どこまでも度胸試しで背伸びしてゆくところ、その破天荒なパワーは、スナオにスゴいと思いますね。

ところが、僕が現在、ヤンキー文化を全面的に信用ならないと考えるようになってしまった理由は、そういう旧態依然とした文化が絶滅しかけているからです。

その理由は、「卒業」という美学が、ヤンキー(不良)からごそっと抜け落ちてしまったからです。
僕が考える(考えていた)ヤンキー文化のよさのもうひとつはまさにそれであり、ムカシのヤンキーの足の洗い方はおおよそすがすがしいものでした。(カタギに戻るにせよ「本業」に進むにせよ)

かつては、いくつになっても「そこ」にしがみつくことのカッコ悪さ、というものがあり、散り際の美学というものが厳然と存在していました。「テメーまだハンパやってんのかよ」みたいな。
具体的には、19歳ぐらいがリミットでしたでしょうか。

背伸びして体制に「反抗」することは「ハンパ」であり、そこから卒業して体制そのものに飛び込んでゆく(あるいは、ホンモノの裏社会に飛び込んでゆく)気概があったのです。
(もちろん、どの時代にも例外はあります)

それが崩れたのはちょうど、いわゆる「茶髪」が民営化されて一般人にまで降りてきた時期と重なっています。

最近の「彼ら」は、(偽)ヤンキー文化というハンパなぬるま湯にいつまでも浸かっていようとしています。なぜなら「そこ」であればある程度の万能感があるからです。

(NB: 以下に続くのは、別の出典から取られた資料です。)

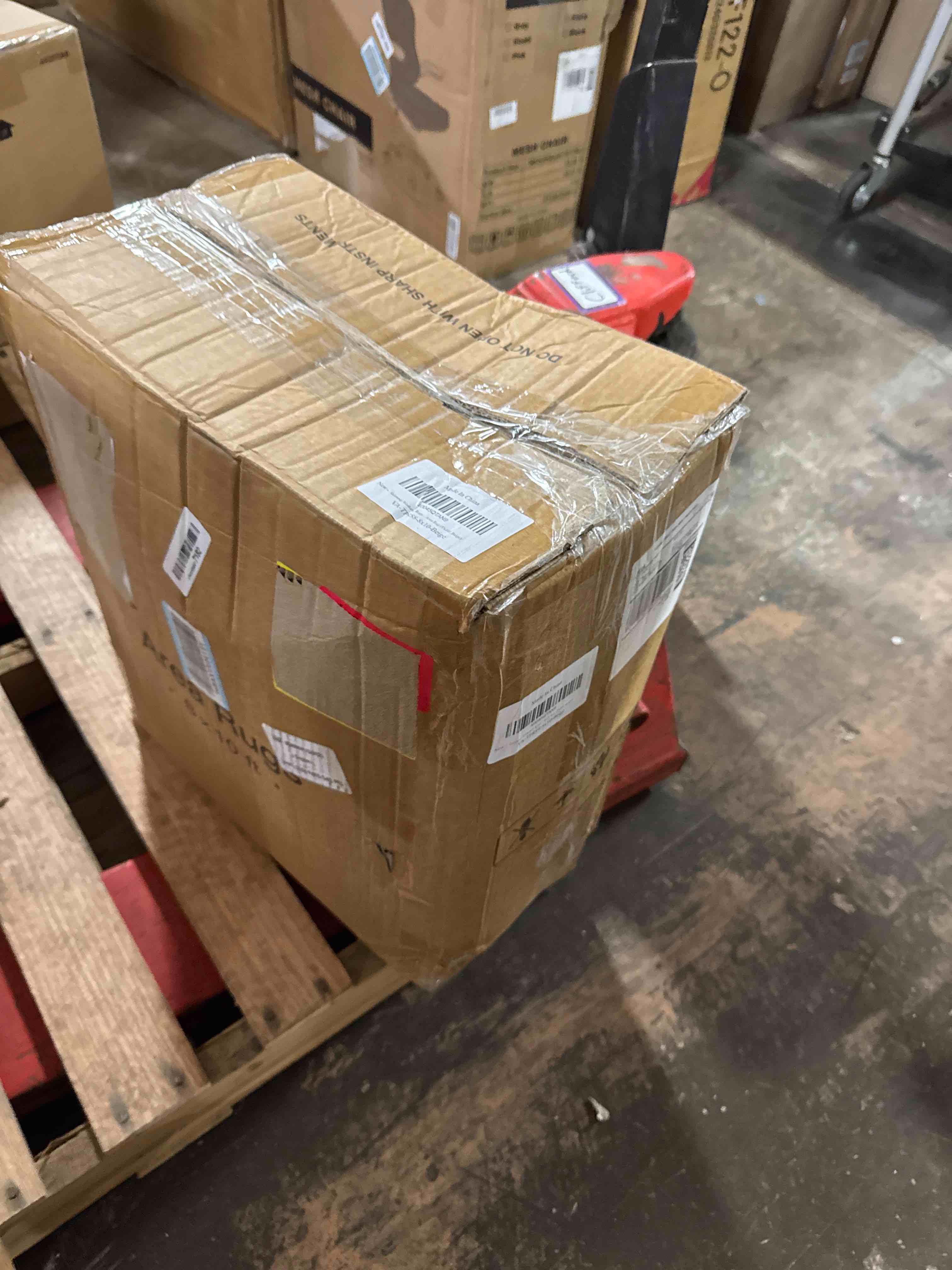 https://s3.amazonaws.com/lotting-images-prod/phillipi/GRA3624068_1785523740014.jpeg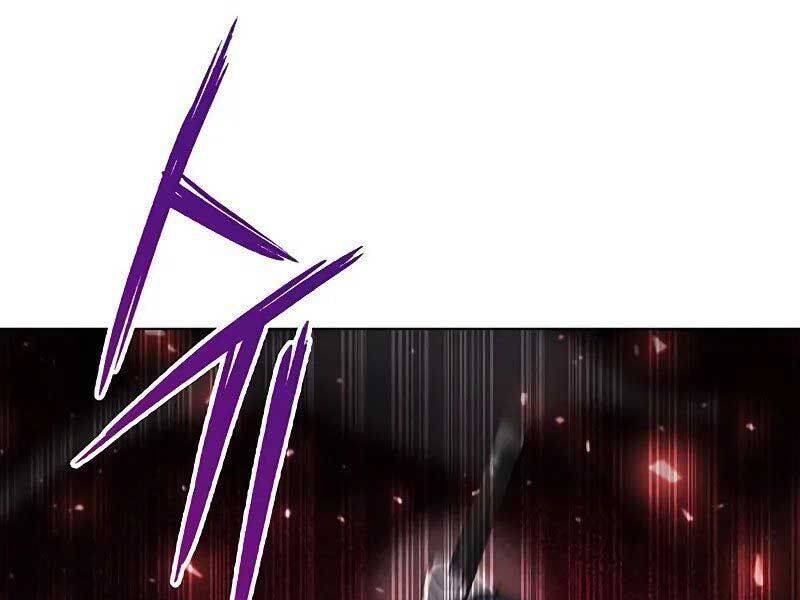 Thợ Tạo Tác Vũ Khí - Chapter 45 - Page 172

社会に出れば、その万能感は一切失われてしまい、ただの(社会に出るための勉強もろくすっぽしていない)一般人に成り下がってしまいます。
ヤンキー文化の中でホンモノの、僕ら庶民では経験できないような修羅場をくぐり抜けているのであれば、一旦一般人に成り下がってもそこから這い上がるのは容易なような気がしますが、それを現代のヤンキーに望むべくもありません。
なぜなら、単に「楽だから」出ようとしない、そういう人種の集まりだからです。


ヤンキーは、かすかに「一般人とは一味違う」という点において認めていた部分もあったのですが、昨今はそれも崩れて、ただのヒトに迷惑をかける(おそれのある)一般人に成り下がってしまいました。(あるいは「ふつう」に「成り上がった」?)